Recommendation of the Board
THE BOARD UNANIMOUSLY RECOMMENDS THAT THE STOCKHOLDERS VOTE “FOR” THE 2023 PLAN AMENDMENT PROPOSAL.
16
THE CONSULTANT SHARES PROPOSAL
Introduction
The Company is a party to a consulting agreement, dated as of October 21, 2024 (the “Consulting Agreement”), with Uri Levine, a former officer and director of the Company (the “Consultant”). Pursuant to the Consulting Agreement, the Consultant provides services to the Company as a financial consultant and advisor. The Consulting Agreement commenced on October 21, 2024 and continues until terminated by either the Company on 90 days’ prior written notice, or the Consultant.
As compensation for the Consultant’s services, the Company pays the Consultant a fee of $29,166 per month. In addition, the Company has agreed to pay the Consultant a “Joining Bonus,” on or before January 3, 2025, in the amount of $500,000, $250,000 of which is payable, in cash, and the remaining $250,000 of which is payable by the issuance of 17,794 shares of unregistered Common Stock, which had a value of $250,000 on the effective date of the Consulting Agreement.
Because our Common Stock is currently listed on the Nasdaq Global Market, we are subject to the Nasdaq Listing Rule 5635(c).
Nasdaq Listing Rule 5635(c)
Nasdaq Listing Rule 5635(c) requires stockholder approval for the issuance of securities when a stock option or purchase plan is established or materially amended or other equity compensation arrangement made or materially amended, pursuant to which shares of Common Stock may be acquired by officers, directors, employees or consultants of the Company. Since the Consultant is receiving the 17,794 shares of Common Stock being issued to him as compensation, such issuance is being submitted to the stockholders for their approval.

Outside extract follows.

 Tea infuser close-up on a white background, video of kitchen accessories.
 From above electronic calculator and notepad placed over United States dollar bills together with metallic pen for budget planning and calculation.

Reasons for the Issuance of Common Stock to the Consultant
As described above, the Company is a party to the Consulting Agreement with the Consultant, pursuant to, among other compensation, the Company is obligated to pay the Consultant a “Joining Bonus,” on or before January 3, 2025, in the amount of $500,000. As a result of the Company’s need to conserve cash to allocate to the Company’s operations, it was determined to be in the best interests of the Company and its stockholders, to pay 50% of the “Joining Bonus” by issuing to the Consultant shares of Common Stock having a value of $250,000. In order to do so, as explained above, such issuance of shares to the Consultant requires the approval of the Company’s stockholders, which we are seeking hereby.
Effect upon Rights of Existing Stockholders
The issuance of shares of Common Stock to the Consultant in accordance with the Consulting Agreement would dilute, and thereby reduce, each existing stockholder’s proportionate ownership in in the Company. The stockholders do not have preemptive rights to subscribe for additional shares that may be issued by the Company in order to maintain their proportionate ownership of the Common Stock.
Vote Required
The approval of this proposal requires the affirmative vote of the majority of shares cast on the proposal. Abstentions and broker non-votes will have no effect on the outcome of this proposal.
Recommendation of the Board
THE BOARD UNANIMOUSLY RECOMMENDS THAT THE STOCKHOLDERS VOTE “FOR” THE CONSULTANT SHARES PROPOSAL.
17
THE ADJOURMENT PROPOSAL
Overview
The Adjournment Proposal, if adopted, will allow our Board to adjourn the Special Meeting to a later date or dates, if necessary or appropriate, to permit further solicitation of proxies in the event that there are insufficient votes for, or otherwise in connection with any of the foregoing proposals. The Adjournment Proposal will only be presented to our stockholders in the event that there are insufficient votes for, or otherwise in connection with, the approval of any of the foregoing proposals.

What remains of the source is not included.